To parse lineage-linked GEDCOM grammar files and build the GEDCOM-structure according to the parsed definitions

Primary LanguageJavaApache License 2.0Apache-2.0

GedcomStore

A library to load the GEDCOM structure definitions (from a lineage-linked grammar file) into memory and build a valid GEDCOM-structure according to the parsed definitions


![License](http://img.shields.io/badge/License-Apache v2.0-802879.svg) Java Version ![Apache Maven ready](http://img.shields.io/badge/Apache Maven ready-3.3.9%2B-FF6804.svg)
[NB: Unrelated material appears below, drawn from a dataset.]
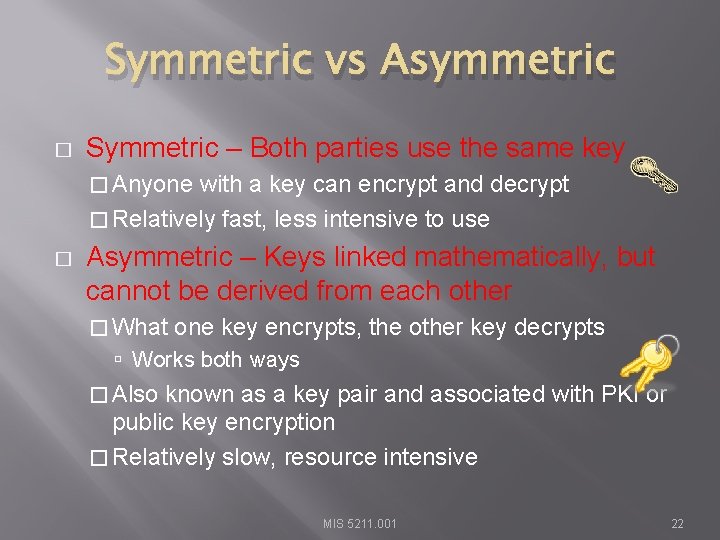 Symmetric vs Asymmetric � Symmetric – Both parties use the same key � Anyone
GedcomStore is a library written in Java to parse lineage-linked grammar from a text file. The lineage-linked grammar defines the structure of a GEDCOM. Through GedcomStore, those structures can then be retrieved as Java objects in order to create a valid GEDCOM ouput. Since the structures are created according to the grammar file, the output does not have to be validated against the GEDCOM structure - only valid ouput which matches the given grammar file can be created. However, the values itself are not validated automatically but validators can be implemented (see "Not yet implemented").

Key features

  • Create your own gedcom definition file using lineage-linked grammar (preferably, take one of the "standards" and modify them to your needs if necessary - see the next point)
  • Comes with the gedcom definition files for version 5.5 (GedcomNodes_5.5.gedg) and 5.5.1 (GedcomNodes_5.5.1.gedg), plus a slightly modified version for the GRAMPS software (GedcomNodes_5.5.1_gramps.gedg)
  • Supports ALL the fields in the GEDCOM lineage-linked grammar (See "Not yet implemented" for details)
  • Choose if you want to populate structures with nothing, all mandatory lines or with all available lines
  • If lines do not exist in structures when accessed by path, various possibilities are available to create those lines
  • Easy creation and access to the structures, lines and values
    • Just define the "path" to the needed line by using an array (or variable argument string), like: "INDI", "REFN", "TYPE", ...
    • It automatically follows the given path and creates any missing structures or lines if needed or requested
    • If a path is invalid and can not be followed, it tries to give hints on what the next path item could possibly be
    • For speed optimization, "paths" can be followed step by step
    • A path can be automatically created if it does not exist, a new path branch can be automatically created if the path already exists or the whole path can be created automatically
  • Simple output generation with various printer classes
    • GedcomStorePrinter: To print the content of the GedcomStore, with various options like the structure depth or the inclusion/exclusion of structures
    • GedcomStructureTreePrinter: Prints a tree of the whole gedcom structure. It has an option to even print invisible tree nodes and is very useful for debugging when creating a structure
    • GedcomStructureTextPrinter: Prints a gedcom structure as text. The output of this printer can be saved in a text file and imported in any software which supports the GEDCOM format
    • GedcomStructureHTMLPrinter: Prints the gedcom structure formatted with HTML. Save this output in a HTML file to view the structure in a web browser
    • A GedcomNode is an extension of the TreeNode in my Util library, thus any TreePrinter can be used for printing and new printers can be created by extending that class.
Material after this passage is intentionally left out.